Genetic Engineering Publications - GEG Tech top picks

Researchers examined two cohorts of patients who received CD19-directed CAR-T cells for non-Hodgkin's lymphoma or B-cell acute lymphoblastic leukemia. The researchers used the first cohort to retrospectively examine the impact of prior antibiotic use on CAR-T clinical outcomes. The second cohort had prospective baseline fecal samples collected before CAR-T cell infusion for subsequent assessment of the fecal microbiome. The investigators determined that the use of certain antibiotics including piperacillin/tazobactam, meropenem, and imipenem/cilastatin, negatively affected OS (HR = 1.71; 95% CI, 1.12-2.59). The investigators also noted a significantly increased risk of immune effector cell-associated neurotoxicity syndrome among the entire cohort evaluated for pre-CAR-T antibiotic use (P = 0.023). Stool samples from the prospective cohort demonstrated an altered fecal microbiome including lower alpha diversity, increased frequency of bacterial dominance, and altered bacterial composition compared with healthy controls. The results of this study suggest that the composition of the gut microbiome affects CAR-T outcomes, but the investigators cautioned that further prospective studies in larger patient populations are needed to confirm the associations.

CAR T cell immunotherapies are more effective as a treatment for patients with leukemia or B cell lymphomas because once they are re-injected into the patient, they migrate and lodge in the bone marrow and other organs that make up the lymphatic system. However, for solid tumours, such as breast cancer, the CAR T cells have difficulty migrating to the tumour because of the microenvironment that surrounds it. Recently, a study conducted by researchers at the UNC Lineberger Comprehensive Cancer Center, shows that adding a small molecule to the CAR T cell-based treatment could stimulate the Th17 and Tc17 cells of the immune system to effectively attack solid tumours. To stimulate the accumulation of these Th17 and Tc17 cells in the vicinity of solid tumours, the research team discovered that the stimulator of interferon agonist (STING) genes, cGAMP, activates the human STING and is known to stimulate the human immune system. The various experiments showed that mice injected with cGAMP showed increased proliferation of T cells and these cells migrated to the tumour site. The end result was a significant decrease in tumour growth and improved survival.  
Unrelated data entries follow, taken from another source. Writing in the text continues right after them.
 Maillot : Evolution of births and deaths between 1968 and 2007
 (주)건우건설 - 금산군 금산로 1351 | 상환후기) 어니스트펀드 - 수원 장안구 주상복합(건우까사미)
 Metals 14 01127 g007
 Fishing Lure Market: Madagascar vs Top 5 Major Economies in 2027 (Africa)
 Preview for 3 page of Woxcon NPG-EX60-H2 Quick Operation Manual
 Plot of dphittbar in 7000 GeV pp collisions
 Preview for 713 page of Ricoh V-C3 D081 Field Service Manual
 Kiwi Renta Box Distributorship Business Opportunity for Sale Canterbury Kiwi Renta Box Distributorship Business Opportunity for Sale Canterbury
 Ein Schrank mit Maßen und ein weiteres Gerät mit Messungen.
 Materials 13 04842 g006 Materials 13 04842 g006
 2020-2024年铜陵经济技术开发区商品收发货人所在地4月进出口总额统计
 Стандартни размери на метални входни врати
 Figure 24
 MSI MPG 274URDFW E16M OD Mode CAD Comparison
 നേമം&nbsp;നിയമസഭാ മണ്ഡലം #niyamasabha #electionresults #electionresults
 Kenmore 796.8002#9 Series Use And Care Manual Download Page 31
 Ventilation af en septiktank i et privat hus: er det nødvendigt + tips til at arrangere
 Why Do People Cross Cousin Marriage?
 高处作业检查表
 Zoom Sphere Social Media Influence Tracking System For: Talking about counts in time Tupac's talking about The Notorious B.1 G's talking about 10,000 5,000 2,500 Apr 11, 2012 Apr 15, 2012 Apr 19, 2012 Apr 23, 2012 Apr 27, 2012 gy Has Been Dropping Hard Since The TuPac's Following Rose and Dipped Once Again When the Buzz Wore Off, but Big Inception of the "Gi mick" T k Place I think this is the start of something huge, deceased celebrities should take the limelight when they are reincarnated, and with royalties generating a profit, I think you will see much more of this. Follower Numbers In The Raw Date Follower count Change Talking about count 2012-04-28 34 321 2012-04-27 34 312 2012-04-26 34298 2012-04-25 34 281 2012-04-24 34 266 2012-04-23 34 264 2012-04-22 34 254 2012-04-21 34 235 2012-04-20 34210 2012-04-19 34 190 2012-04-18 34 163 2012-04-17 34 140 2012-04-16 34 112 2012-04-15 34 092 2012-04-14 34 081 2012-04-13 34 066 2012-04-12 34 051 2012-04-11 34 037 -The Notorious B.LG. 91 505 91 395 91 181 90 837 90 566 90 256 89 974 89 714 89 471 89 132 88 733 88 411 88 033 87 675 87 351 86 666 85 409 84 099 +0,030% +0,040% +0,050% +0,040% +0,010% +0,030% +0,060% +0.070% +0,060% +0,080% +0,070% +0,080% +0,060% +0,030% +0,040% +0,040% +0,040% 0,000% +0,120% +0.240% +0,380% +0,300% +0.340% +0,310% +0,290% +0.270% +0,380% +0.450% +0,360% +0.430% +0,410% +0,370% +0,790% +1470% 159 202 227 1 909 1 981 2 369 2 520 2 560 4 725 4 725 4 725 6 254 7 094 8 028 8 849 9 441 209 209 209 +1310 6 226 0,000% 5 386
Pancreatic ductal adenocarcinoma (PDAC) is the most common type of pancreatic cancer and has the lowest survival rate of all common cancers. Only about 7% of people diagnosed with this type of cancer in the UK survive their cancer for 5 years or more. However, a new protein called CEACAM7 has been identified by researchers at Queen Mary University. It could be a new therapeutic target for the treatment of PDAC which is the most common type of pancreatic cancer. In this study, the researchers developed a novel CAR T cell therapy using part of an anti-CEACAM7 antibody from Professor Brad Nelson (British Columbia, Canada). They then modified the killer T cells and presented on their surface this new CAR protein that recognizes and binds to CEACAM7, directing the killer T cells to kill only the cells with CEACAM7. Using this protein as a target, the researchers were able to create a CAR T cell therapy that killed pancreatic cancer cells in a pre-clinical model.